## Extracted entries
>>>>

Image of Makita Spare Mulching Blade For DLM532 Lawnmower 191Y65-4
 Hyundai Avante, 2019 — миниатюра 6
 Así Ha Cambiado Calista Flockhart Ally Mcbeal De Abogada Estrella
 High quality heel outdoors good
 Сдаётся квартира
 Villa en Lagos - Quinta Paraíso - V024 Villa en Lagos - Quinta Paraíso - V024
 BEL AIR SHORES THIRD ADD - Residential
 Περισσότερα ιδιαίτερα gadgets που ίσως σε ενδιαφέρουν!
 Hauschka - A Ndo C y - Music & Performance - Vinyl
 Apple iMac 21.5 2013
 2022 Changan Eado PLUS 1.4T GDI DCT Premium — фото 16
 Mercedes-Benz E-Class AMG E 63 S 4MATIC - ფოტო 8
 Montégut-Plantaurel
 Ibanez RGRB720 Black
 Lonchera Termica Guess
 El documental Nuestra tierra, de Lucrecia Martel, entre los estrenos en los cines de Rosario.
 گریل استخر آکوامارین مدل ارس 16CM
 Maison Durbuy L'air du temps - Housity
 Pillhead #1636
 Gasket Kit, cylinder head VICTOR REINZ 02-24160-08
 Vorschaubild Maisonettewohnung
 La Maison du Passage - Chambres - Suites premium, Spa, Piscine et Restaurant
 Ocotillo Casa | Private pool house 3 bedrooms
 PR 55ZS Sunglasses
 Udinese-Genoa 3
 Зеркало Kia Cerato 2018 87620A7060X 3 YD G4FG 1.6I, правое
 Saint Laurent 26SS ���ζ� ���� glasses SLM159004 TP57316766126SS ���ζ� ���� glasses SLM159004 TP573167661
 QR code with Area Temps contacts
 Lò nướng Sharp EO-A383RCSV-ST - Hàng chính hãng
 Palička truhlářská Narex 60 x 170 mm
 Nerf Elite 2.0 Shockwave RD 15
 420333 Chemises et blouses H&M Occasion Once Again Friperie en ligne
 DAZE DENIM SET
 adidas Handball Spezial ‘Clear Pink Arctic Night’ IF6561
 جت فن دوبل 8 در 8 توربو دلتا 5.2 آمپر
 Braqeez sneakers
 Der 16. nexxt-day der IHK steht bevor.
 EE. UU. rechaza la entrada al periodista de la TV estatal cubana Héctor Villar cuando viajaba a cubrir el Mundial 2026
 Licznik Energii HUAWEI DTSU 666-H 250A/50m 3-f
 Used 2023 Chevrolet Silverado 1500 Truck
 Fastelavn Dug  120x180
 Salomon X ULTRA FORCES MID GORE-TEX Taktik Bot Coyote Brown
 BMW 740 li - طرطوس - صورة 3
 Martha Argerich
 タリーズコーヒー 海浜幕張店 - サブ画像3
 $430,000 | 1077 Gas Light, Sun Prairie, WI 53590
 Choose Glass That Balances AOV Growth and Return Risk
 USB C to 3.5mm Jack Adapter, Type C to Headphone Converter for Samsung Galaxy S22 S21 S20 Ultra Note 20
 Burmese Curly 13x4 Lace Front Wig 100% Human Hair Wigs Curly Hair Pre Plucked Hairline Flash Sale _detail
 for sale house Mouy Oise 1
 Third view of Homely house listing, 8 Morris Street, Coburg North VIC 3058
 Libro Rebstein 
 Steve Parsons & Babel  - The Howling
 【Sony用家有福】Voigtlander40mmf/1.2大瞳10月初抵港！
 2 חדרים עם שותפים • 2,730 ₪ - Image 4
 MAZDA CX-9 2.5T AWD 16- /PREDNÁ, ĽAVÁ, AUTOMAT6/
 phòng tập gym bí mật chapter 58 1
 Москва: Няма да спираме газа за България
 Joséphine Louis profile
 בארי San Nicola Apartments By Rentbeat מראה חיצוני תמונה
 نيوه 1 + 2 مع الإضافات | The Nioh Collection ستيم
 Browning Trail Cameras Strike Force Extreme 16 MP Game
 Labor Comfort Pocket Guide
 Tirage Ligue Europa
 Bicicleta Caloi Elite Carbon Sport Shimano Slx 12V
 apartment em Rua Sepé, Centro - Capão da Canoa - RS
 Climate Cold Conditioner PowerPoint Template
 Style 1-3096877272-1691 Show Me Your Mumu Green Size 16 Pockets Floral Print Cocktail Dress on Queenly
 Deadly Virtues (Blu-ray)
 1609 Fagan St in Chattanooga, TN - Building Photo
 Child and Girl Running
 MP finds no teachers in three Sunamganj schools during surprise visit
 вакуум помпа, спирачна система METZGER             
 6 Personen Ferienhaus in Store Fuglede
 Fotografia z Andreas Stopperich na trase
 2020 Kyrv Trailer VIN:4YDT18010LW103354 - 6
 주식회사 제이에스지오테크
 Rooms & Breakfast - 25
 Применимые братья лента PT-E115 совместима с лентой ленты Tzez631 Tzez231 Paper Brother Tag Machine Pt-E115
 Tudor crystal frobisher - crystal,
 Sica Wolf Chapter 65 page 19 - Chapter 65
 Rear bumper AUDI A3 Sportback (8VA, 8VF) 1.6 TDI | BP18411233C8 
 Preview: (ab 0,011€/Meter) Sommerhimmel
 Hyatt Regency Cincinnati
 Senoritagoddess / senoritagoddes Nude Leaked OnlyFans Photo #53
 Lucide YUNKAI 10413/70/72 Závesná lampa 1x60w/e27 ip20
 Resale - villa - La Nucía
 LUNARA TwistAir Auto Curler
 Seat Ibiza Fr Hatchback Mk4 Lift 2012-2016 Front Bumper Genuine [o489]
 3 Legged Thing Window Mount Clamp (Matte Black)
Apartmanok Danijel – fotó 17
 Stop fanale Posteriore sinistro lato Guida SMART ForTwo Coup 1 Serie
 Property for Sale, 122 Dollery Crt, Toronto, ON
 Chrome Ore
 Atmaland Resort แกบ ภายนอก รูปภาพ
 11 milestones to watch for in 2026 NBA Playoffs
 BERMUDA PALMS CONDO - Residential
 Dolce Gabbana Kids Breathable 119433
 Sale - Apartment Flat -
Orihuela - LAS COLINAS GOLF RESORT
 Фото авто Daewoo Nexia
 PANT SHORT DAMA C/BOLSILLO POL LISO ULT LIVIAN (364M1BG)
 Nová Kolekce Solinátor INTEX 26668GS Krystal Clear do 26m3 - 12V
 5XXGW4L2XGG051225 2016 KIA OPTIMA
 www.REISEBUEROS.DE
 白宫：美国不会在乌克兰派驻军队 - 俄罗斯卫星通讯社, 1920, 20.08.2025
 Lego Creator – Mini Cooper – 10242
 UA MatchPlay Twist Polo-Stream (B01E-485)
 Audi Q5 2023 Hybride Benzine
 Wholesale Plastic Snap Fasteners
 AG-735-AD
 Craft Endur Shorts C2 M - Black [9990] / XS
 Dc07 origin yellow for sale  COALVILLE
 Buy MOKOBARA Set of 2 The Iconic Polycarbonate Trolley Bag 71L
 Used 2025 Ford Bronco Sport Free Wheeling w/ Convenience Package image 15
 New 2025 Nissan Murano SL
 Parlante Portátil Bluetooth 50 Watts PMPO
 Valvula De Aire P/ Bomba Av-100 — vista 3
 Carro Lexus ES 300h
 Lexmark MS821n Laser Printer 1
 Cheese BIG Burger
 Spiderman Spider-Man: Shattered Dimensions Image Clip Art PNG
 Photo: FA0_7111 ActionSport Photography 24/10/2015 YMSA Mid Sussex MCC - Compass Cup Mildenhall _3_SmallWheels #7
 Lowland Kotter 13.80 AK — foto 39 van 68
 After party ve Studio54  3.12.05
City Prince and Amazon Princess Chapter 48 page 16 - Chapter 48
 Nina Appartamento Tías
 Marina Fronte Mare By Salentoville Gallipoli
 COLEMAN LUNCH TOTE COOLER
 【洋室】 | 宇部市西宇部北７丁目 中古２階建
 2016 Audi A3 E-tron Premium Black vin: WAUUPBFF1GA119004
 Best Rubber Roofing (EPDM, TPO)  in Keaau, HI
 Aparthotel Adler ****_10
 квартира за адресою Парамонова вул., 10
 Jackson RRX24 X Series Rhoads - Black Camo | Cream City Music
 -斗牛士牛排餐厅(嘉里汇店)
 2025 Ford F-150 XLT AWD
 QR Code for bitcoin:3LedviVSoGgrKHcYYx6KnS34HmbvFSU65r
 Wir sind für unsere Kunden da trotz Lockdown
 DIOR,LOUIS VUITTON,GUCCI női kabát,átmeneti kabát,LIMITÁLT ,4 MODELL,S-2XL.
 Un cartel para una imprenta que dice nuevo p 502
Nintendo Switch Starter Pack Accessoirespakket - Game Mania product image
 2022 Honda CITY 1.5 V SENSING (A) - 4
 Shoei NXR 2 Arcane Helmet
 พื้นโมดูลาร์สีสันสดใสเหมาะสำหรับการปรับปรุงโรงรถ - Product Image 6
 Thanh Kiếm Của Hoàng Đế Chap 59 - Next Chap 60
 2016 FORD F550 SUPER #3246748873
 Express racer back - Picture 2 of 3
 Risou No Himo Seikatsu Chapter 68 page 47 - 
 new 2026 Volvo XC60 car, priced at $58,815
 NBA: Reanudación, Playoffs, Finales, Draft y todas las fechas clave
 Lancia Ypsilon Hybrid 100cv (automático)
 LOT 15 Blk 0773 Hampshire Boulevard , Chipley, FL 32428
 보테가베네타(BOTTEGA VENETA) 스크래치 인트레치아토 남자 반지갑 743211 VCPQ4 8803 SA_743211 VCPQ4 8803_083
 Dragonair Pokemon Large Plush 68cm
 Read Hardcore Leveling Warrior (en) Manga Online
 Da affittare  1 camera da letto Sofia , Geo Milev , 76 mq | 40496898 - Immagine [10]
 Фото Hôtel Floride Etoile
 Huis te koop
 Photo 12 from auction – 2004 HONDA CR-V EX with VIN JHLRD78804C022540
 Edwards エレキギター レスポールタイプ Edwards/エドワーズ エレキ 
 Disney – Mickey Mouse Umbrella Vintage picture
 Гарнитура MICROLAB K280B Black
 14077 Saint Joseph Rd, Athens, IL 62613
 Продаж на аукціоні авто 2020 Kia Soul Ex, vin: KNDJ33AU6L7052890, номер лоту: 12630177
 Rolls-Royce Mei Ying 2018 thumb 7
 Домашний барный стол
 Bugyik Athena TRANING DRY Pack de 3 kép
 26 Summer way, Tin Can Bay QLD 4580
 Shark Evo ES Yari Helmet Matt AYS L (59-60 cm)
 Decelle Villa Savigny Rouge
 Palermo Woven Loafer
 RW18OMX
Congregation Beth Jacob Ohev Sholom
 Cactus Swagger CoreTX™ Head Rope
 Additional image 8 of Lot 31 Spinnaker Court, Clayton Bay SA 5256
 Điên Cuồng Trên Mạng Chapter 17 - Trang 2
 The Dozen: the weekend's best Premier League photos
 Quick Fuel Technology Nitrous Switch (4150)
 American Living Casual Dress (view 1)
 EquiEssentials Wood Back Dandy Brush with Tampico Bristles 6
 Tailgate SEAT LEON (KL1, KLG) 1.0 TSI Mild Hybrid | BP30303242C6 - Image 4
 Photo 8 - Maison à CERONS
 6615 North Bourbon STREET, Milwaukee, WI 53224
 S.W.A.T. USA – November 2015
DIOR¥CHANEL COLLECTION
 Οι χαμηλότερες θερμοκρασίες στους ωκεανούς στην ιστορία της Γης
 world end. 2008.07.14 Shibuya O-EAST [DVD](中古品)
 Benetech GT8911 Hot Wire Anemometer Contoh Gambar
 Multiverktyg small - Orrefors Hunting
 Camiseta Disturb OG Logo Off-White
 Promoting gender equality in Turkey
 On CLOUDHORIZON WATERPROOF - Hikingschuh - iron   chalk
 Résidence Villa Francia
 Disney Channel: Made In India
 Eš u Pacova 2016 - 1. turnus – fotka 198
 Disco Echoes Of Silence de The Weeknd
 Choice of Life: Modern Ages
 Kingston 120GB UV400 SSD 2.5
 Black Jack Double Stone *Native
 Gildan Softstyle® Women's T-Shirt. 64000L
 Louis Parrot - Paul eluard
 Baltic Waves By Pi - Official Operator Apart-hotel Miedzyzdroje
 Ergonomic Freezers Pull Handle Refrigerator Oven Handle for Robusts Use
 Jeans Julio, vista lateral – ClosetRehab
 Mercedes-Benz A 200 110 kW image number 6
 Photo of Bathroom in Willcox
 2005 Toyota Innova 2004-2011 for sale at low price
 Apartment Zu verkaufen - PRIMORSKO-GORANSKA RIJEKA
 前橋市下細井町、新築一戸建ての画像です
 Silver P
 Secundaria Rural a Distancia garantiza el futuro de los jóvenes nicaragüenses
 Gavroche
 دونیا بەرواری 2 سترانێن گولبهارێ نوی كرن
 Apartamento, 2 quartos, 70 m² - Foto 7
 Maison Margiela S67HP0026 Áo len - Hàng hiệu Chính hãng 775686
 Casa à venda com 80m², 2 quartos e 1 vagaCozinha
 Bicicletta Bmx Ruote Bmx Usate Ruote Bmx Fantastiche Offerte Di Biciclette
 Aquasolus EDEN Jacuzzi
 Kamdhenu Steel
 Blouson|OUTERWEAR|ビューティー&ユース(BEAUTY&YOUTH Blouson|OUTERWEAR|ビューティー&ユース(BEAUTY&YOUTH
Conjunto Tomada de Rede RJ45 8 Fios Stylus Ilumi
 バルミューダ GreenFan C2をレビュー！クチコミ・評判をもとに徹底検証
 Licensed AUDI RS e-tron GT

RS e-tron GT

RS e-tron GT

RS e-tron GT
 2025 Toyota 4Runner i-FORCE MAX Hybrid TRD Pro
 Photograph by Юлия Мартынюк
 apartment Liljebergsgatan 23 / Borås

<<<<

Each line of the entries where the string "house" occurs should be shown.

 Ocotillo Casa | Private pool house 3 bedrooms
 for sale house Mouy Oise 1
 Third view of Homely house listing, 8 Morris Street, Coburg North VIC 3058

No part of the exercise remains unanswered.